Blood cultures were performed on newborns when NS was suspected. Blood culture was not taken from healthy controls. The Bactec microbial detection system (Becton-Dickinson, Sparks, MD) was used to detect positive blood cultures. Two positive blood culture tests were required to confirm S. epidermidis sepsis.

Statistical Analyses

Statistical analyses were performed using the SPSS for Windows (version 15.0) statistical package. χ2 test was used to compare categorical variables between groups. The Kolmogorov–Smirnov test was used to evaluate the normal distribution assumption for numerical variables. Difference between two groups was examined by independent samples t-test for normally distributed variables and Mann Whitney U test for nonnormally distributed variables.

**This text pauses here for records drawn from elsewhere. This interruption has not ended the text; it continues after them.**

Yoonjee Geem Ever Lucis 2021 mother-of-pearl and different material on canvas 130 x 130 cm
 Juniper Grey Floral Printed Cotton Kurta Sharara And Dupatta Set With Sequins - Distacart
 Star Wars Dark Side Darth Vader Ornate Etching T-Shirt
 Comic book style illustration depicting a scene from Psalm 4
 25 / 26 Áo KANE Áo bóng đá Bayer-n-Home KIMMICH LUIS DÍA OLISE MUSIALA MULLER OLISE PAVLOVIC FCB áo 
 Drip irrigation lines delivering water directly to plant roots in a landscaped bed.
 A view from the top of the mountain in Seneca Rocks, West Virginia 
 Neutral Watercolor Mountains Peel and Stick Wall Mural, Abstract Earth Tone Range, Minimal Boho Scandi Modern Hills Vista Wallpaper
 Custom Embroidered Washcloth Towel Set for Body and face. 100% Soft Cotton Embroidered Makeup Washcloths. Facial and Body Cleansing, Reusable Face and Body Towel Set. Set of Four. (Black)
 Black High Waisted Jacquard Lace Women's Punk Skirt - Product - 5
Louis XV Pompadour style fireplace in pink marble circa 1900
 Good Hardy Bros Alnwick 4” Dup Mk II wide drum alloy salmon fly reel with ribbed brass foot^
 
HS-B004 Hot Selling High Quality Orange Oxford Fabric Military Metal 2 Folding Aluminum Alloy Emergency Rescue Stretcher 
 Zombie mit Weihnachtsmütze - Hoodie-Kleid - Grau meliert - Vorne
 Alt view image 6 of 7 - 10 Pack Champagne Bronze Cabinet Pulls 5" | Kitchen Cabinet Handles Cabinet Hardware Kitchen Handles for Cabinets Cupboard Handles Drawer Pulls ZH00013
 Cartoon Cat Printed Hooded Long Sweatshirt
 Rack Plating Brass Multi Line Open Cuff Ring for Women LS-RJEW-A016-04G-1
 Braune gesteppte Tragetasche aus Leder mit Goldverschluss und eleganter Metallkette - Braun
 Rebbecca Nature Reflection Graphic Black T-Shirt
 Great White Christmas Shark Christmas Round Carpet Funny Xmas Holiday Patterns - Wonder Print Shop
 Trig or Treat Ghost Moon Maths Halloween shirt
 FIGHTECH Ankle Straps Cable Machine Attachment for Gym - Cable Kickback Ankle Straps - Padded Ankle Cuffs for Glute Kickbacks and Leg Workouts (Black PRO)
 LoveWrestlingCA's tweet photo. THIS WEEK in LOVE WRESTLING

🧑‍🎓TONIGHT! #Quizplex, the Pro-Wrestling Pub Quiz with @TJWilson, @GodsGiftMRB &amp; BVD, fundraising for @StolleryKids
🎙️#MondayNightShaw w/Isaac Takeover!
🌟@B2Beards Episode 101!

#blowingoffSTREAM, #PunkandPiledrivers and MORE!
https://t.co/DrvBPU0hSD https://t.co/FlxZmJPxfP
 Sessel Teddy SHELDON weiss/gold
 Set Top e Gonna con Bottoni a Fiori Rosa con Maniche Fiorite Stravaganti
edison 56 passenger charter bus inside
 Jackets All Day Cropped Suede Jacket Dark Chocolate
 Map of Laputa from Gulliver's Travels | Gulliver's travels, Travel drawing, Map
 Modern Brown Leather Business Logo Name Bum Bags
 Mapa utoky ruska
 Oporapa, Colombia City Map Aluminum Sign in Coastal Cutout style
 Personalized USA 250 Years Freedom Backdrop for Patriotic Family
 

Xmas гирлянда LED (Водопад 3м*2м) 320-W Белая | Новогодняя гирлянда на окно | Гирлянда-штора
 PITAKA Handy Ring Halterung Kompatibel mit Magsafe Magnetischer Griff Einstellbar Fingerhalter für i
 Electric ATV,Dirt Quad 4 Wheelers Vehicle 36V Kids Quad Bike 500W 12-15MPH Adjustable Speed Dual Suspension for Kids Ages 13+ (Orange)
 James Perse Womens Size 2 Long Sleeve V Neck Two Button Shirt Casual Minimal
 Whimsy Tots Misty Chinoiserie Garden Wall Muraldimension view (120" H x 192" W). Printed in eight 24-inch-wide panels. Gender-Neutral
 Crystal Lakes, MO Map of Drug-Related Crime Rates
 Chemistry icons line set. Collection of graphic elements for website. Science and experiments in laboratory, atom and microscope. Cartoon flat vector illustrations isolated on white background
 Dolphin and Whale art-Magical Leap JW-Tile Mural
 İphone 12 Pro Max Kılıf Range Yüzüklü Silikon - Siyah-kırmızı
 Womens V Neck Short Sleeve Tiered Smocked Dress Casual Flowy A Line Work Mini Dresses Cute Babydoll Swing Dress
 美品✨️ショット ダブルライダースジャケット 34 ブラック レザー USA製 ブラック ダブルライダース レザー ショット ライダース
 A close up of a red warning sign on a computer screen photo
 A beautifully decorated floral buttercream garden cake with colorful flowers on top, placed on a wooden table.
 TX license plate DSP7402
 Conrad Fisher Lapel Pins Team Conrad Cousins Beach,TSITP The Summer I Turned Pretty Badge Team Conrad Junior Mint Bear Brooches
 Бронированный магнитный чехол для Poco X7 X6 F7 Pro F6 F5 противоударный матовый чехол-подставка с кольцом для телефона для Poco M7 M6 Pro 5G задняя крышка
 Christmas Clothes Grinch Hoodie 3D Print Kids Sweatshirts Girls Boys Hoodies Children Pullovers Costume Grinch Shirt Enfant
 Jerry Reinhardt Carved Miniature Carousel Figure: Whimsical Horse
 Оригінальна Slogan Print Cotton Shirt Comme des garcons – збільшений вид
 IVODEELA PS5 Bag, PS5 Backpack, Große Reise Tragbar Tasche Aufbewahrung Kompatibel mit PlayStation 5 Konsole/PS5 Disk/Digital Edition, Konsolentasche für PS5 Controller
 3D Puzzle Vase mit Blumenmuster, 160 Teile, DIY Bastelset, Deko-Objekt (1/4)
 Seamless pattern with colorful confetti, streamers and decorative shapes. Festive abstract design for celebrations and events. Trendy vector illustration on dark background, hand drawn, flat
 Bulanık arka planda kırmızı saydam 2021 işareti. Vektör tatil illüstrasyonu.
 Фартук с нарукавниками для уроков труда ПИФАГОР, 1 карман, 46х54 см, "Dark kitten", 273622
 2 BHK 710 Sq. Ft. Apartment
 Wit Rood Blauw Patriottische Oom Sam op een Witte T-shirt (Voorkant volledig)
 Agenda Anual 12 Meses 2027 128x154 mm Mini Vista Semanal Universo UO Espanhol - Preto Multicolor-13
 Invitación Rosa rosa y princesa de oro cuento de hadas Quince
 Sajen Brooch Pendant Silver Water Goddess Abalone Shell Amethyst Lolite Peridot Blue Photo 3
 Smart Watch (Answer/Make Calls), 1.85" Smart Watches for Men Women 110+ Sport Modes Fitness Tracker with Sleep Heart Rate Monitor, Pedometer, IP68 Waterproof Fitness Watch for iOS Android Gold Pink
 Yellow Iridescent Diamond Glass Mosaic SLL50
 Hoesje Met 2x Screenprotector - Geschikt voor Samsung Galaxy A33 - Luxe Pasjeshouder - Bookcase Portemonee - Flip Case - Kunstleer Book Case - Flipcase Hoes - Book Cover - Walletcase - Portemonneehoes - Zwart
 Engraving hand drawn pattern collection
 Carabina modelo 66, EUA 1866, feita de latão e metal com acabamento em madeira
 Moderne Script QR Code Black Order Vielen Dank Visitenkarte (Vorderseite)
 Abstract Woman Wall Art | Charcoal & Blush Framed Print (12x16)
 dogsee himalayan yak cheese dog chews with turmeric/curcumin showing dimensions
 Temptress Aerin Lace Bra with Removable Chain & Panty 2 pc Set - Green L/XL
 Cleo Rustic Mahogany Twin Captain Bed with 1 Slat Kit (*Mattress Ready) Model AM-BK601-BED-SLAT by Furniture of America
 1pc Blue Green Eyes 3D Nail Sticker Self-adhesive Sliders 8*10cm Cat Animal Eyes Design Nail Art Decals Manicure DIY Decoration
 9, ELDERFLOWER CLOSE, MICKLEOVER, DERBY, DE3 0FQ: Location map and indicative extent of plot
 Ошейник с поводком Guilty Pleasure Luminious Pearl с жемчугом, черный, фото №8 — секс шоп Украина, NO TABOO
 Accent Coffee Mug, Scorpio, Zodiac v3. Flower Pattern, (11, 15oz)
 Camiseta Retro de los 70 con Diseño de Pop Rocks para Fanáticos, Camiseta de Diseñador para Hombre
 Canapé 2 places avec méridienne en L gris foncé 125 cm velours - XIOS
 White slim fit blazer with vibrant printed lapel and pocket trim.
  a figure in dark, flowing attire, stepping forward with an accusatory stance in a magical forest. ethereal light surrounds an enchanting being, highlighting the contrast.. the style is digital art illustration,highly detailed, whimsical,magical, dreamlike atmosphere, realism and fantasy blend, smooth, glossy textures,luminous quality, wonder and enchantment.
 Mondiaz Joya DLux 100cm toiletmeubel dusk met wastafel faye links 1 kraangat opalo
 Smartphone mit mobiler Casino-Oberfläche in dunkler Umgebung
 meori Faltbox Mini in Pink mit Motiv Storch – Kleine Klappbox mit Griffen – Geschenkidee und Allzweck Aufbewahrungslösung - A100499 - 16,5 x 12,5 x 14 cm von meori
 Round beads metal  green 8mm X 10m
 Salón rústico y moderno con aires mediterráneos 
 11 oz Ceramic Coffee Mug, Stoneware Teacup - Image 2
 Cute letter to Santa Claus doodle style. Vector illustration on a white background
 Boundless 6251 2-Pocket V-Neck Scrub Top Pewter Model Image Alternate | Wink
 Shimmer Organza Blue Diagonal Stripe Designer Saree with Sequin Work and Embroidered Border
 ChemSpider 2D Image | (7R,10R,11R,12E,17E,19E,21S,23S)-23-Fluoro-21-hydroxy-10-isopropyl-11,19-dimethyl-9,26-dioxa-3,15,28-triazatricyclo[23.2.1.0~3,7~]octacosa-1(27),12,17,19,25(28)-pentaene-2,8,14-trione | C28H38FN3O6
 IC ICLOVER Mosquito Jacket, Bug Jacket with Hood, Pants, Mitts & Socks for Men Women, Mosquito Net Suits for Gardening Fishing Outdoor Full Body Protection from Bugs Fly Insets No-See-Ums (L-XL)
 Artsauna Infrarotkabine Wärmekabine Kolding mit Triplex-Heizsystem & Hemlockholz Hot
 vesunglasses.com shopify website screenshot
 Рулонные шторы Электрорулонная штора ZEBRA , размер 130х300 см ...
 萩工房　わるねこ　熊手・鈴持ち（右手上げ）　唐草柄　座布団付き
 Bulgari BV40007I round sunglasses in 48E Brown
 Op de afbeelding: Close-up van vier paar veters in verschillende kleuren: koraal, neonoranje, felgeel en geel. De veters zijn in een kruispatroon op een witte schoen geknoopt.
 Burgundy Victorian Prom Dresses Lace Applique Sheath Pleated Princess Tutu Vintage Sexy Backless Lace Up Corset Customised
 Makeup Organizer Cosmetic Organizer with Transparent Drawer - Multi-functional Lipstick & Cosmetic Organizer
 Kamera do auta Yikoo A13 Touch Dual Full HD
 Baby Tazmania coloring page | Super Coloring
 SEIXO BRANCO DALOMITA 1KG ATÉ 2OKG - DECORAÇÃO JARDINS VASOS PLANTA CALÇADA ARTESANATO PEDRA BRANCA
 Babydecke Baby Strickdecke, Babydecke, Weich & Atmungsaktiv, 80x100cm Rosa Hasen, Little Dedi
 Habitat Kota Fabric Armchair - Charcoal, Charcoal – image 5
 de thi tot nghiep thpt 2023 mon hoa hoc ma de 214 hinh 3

Difference among more than two groups was examined by ANOVA and Kruskal–Wallis test for normally and nonnormally distributed variables, respectively. Discriminatory performance of variables was determined by area under the ROC curve and best cutoff values were calculated using the Youden index. Spearman correlation coefficient was used to examine the relationship between numerical variables. A P value of <0.05 was considered indicative of statistical significance.